Jadi, ketika mereka ngomong ke teman-temannya, anak-anak menggunakan bahasa dan dialek yang persis teman-temannya gunakan, lengkap dengan medoknya.

Tapi ketika berbicara dengan saya, menggunakan bahasa Indonesia tanpa medok sama sekali. Jujur saya takjub plus terharu dengan kemampuan receh tapi penting anak-anak tersebut.

Jadi ingat ketika kecil dulu, saya lahir di Sulawesi Utara, dan di usia 5 tahun pindah ke Buton. Dan ingat banget dulu tuh sering digangguin teman karena logat atau dialek kami berbeda.
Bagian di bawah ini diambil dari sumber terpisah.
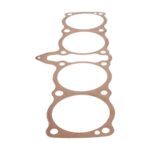 Wiseco Base Gasket Suzuki GSXR1100 '86-92 - Image 4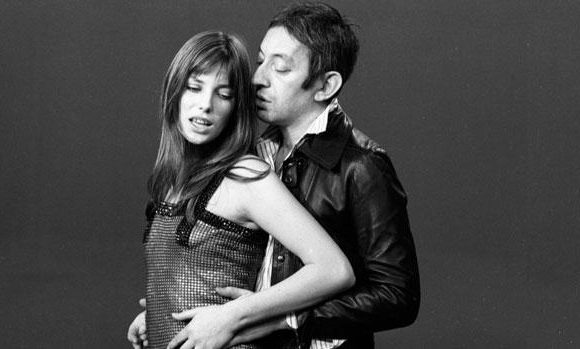 1969, sortie de la chanson « Je t’aime… moi non plus »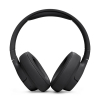 Ασύρματα ακουστικά JBL Tune 720BT σε μαύρο χρώμα JBLT720BTBLK 828678 - 2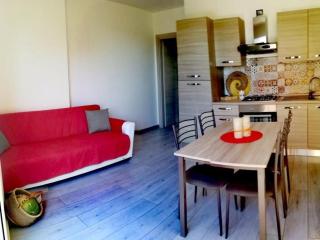Apartment TORTOLI - THE HOME OF THE SEA by Interhome - 2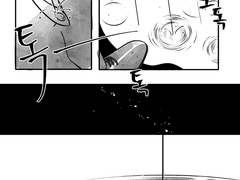 [마차살/레오루카] 그리움에게 1 (만화추가)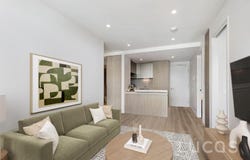 804/320 Plummer Street, Port Melbourne, Vic 3207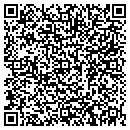 QR code with Pro Nails & Spa contacts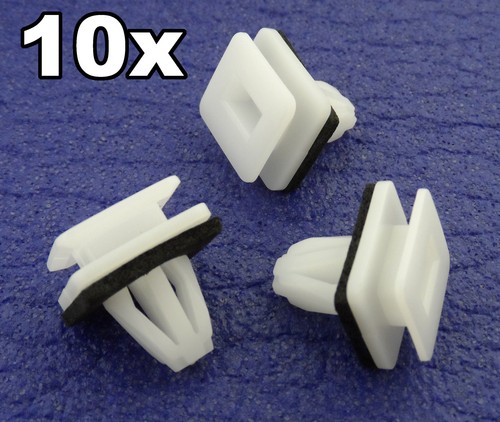 10x honda civic - 10x, side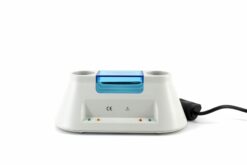 Ri-charger L 3.5V / 230V basislaadstation Riester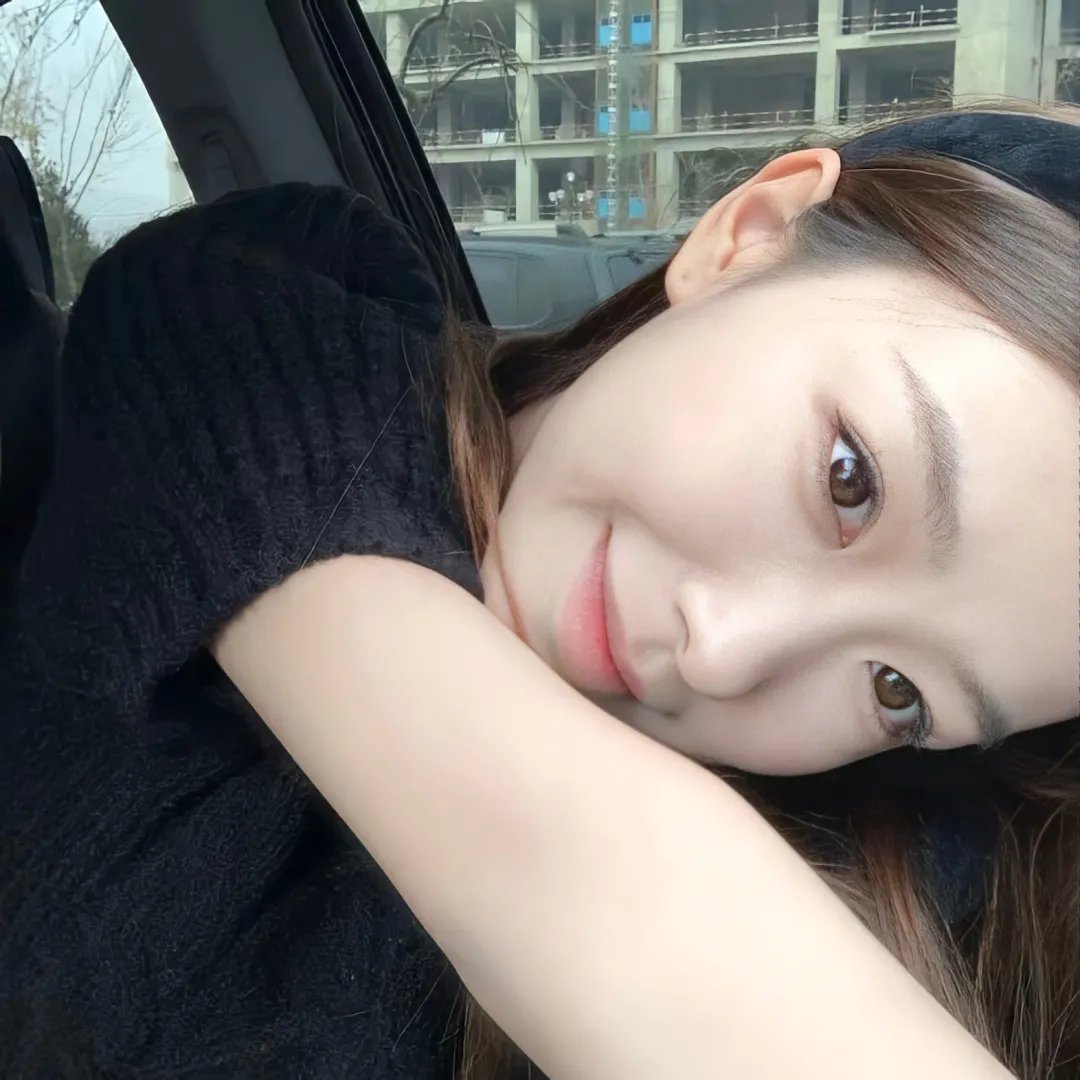 布劳涅森林的女人们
Ketika SD hingga SMP saya bersekolah di Buton, dan ketika STM bersekolah di Baubau. Bahkan hanya beda daerah yang berdekatan saja, dialeknya ikut beda.

Alhasil saya kena bully lagi ketika masuk STM, hanya karena dialek saya berbeda dari teman-teman kebanyakan.

Tapi itu nggak seberapa sih, bully-an yang lebih mengena tuh saya dapatkan ketika pertama kali kuliah di Surabaya. Kala itu sebenarnya saya udah tinggal selama 2-3 bulanan di Surabaya sebelum masuk kuliah. Tapi yang namanya dialek beda pulau itu ya, bedanya nggak ketulungan.

Mulai dari pengucapan huruf saya yang aneh, contoh pengucapan huruf E. Di Buton, pengucapan E itu mirip orang Medan, huruf E-nya diucapkan secara lebar.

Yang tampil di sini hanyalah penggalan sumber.